If you encounter the following error "This app can't run on your PC", when trying to install the AWS Replication Agent on your Windows 10 source machine, try the following.

This error is indicative that your particular version of Windows 10 is likely the 32-bit version. To verify this, you can

1. Use the Windows key + I keyboard shortcut to open the Settings app.

2. Click System.

3. Click About.

4. Under System type, you will see two pieces of information: if it says 32-bit operating system, x64-based processor, then it means that your PC is running a 32-bit version of Windows 10 on a 64-bit processor.

If it says 32-bit operating system, x86-based processor, then your computer doesn't support Windows 10 (64-bit).

At the moment, only 64 bit operating systems are supported for Elastic Disaster Recovery Service.

If your OS is indeed 64-bit, then there may be other elements blocking the installation of your agent. The block is actually coming from the Windows Operating System itself. You would need to identify what the cause is, (for example, broken registry key),

Is having a mounted '/tmp' directory a requirement for the Agent?

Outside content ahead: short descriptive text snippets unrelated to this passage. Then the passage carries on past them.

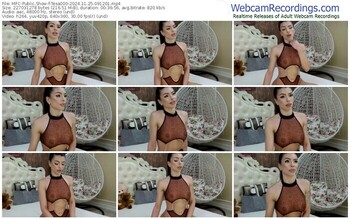 myfreecams-tesa000-11-25-2024-09-12-01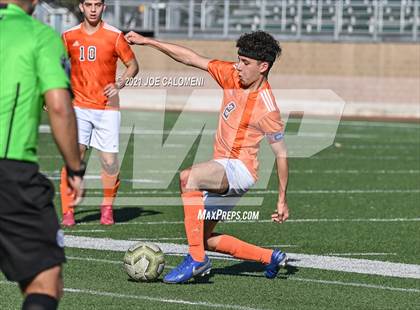 Thumbnail 2 in Reagan [Ronald] vs Brandeis photogallery.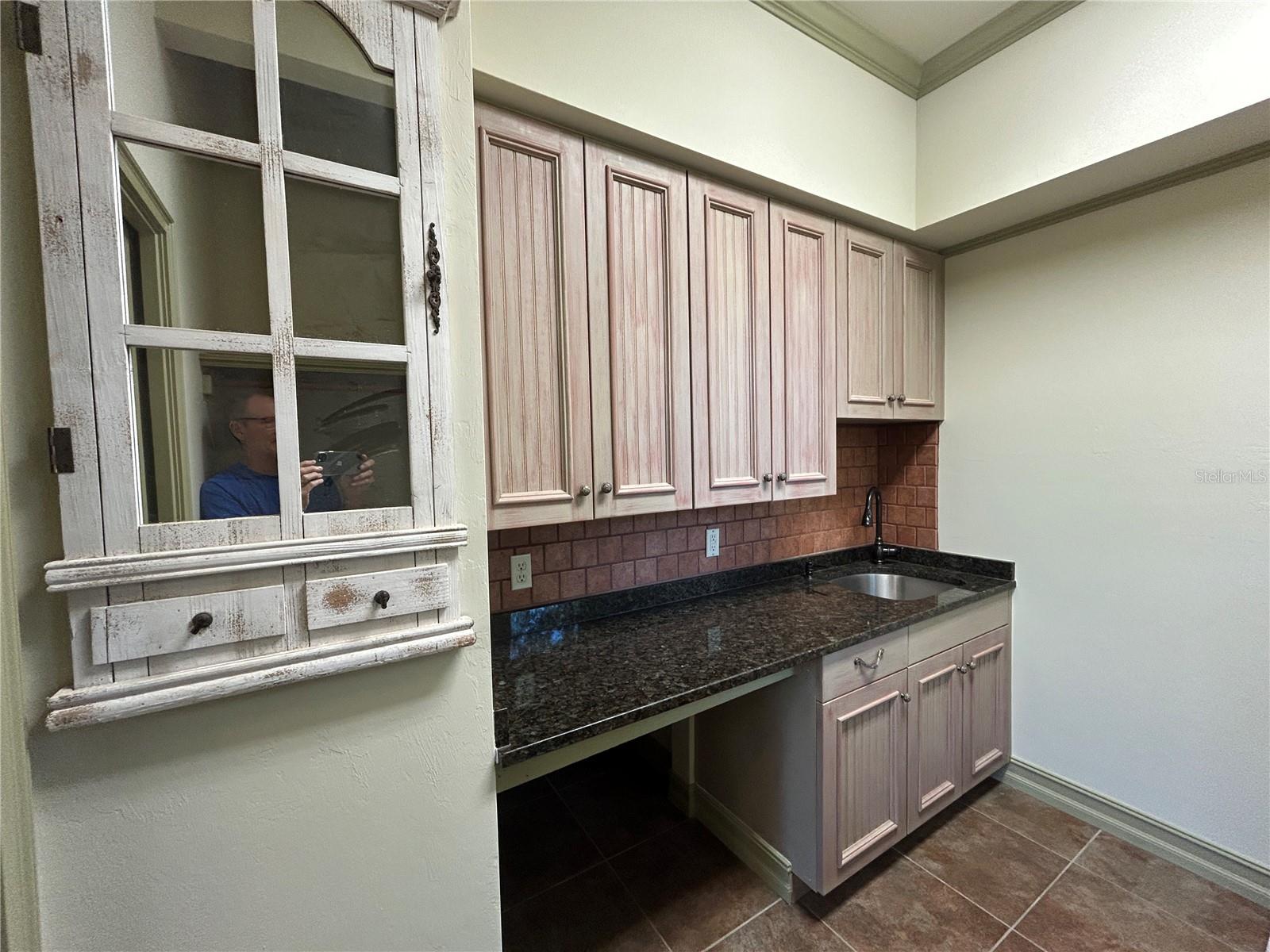 PORT CHARLOTTE SEC 012 - Residential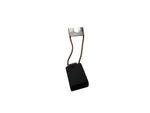 Helwig Carbon 5410 5-87 Motor Brush Nsnp. Fixed Price $15.00.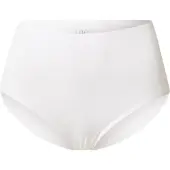 Mey Taillen-Slip Serie Pure Second Me Weiss | Größe 34/36
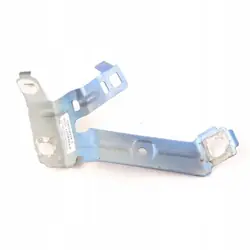 Support d'aile avant droit BMW F20 F21 OEM 7284650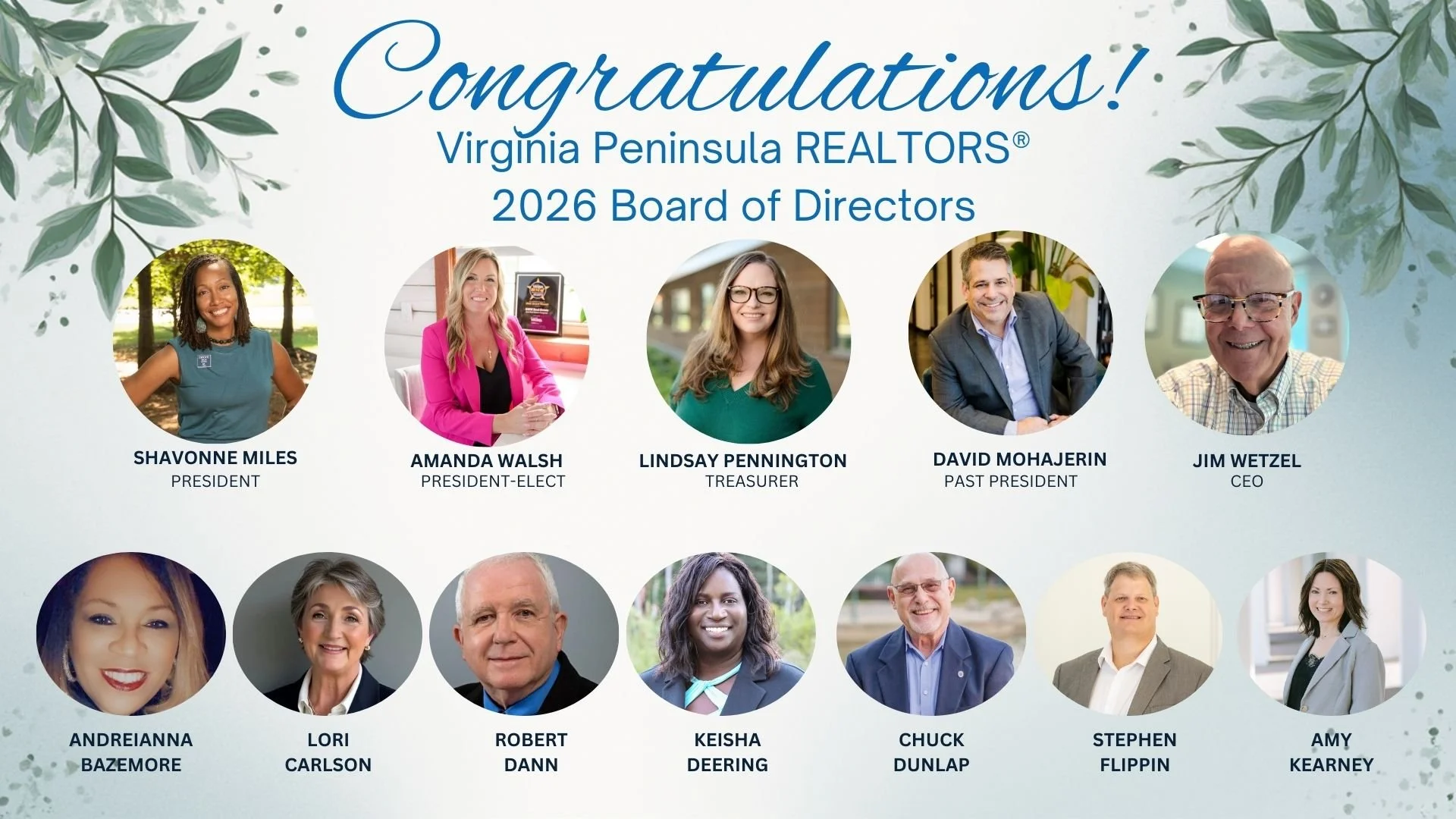 to our 2025 Board of Directors.jpg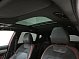 Geely Coolray Flagship, 2023 года, пробег 91184 км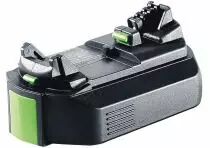 Batteries Festool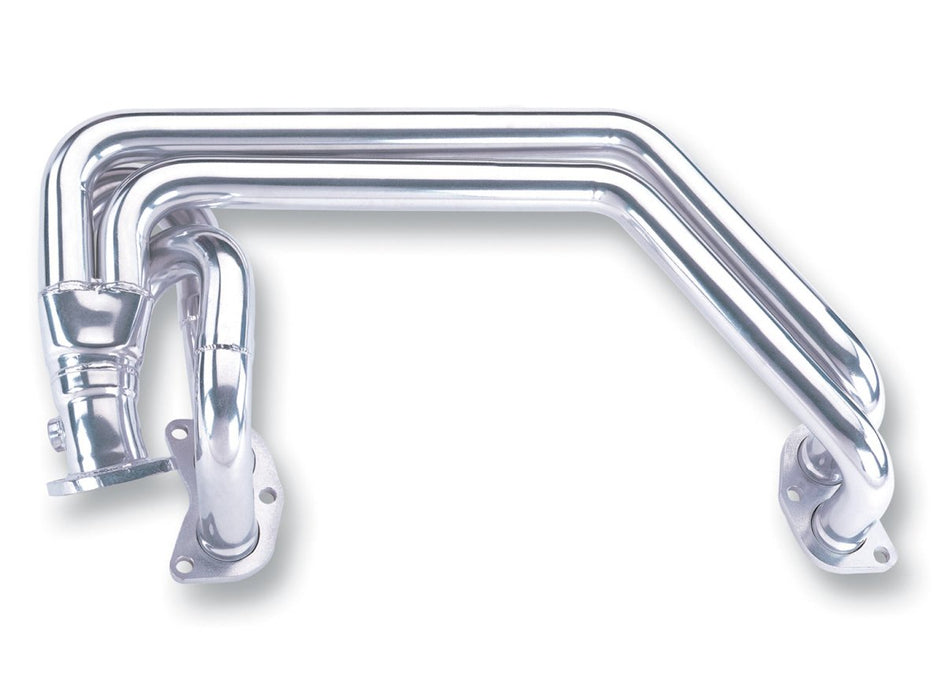 Borla Exhaust Manifold 2002-2014 WRX / 2004-2018 STI - 17217 - Subimods.com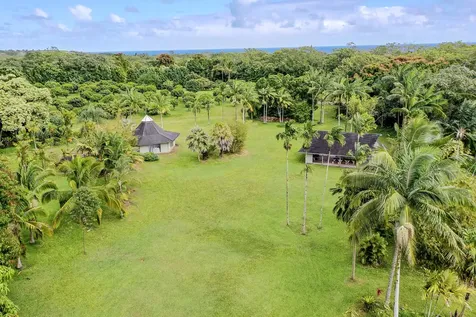 13-178 Kamaili Road Pahoa HI 96778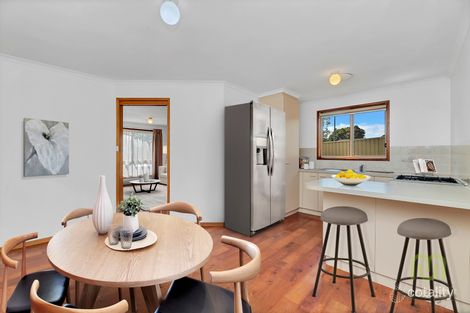 Property photo of 1 Stead Place Banks ACT 2906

The simple requirement is just to have enough free space. There is no need for this to be a separate mount. The need for the '/tmp' requirement is actually only if '/tmp' is a separate mount. If '/tmp' is not a separate mount, then it would fall under '/', for which we have the 2 GiB free requirement. This allows for the '/tmp' to fall into this requirement.

Installation Failed – Old Agent

Installation may fail due to an old AWS Replication Agent. Ensure that you are attempting to install the latest version of the AWS Replication Agent. You can learn how to download the Agent here.

Installation Failed on Linux Server

If the installation failed on a Linux source server, check the following:

  1. Free Disk Space

    Free disk space on the root directory – verify that you have at least 3 GB of free disk on the root directory (/) of your Source machine. To check the available disk space on the root directory, run the following command: df -h /

    Free disk space on the /tmp directory – for the duration of the installation process only, verify that you have at least 500 MB of free disk on the /tmp directory. To check the available disk space on the /tmp directory run the following command: df -h /tmp

    After you have entered the above commands for checking the available disk space, the results will be displayed as follows:

  2. The format of the list of disks to replicate

    During the installation, when you are asked to enter the disks you want to replicate, do NOT use apostrophes, brackets, or disk paths that do not exist. Type only existing disk paths, and separate them with a comma, as follows:

    /dev/xvdal,/dev/xvda2.

  3. Version of the Kernel headers package

    Verify that you have kernel-devel/linux-headers installed that are exactly of the same version as the kernel you are running.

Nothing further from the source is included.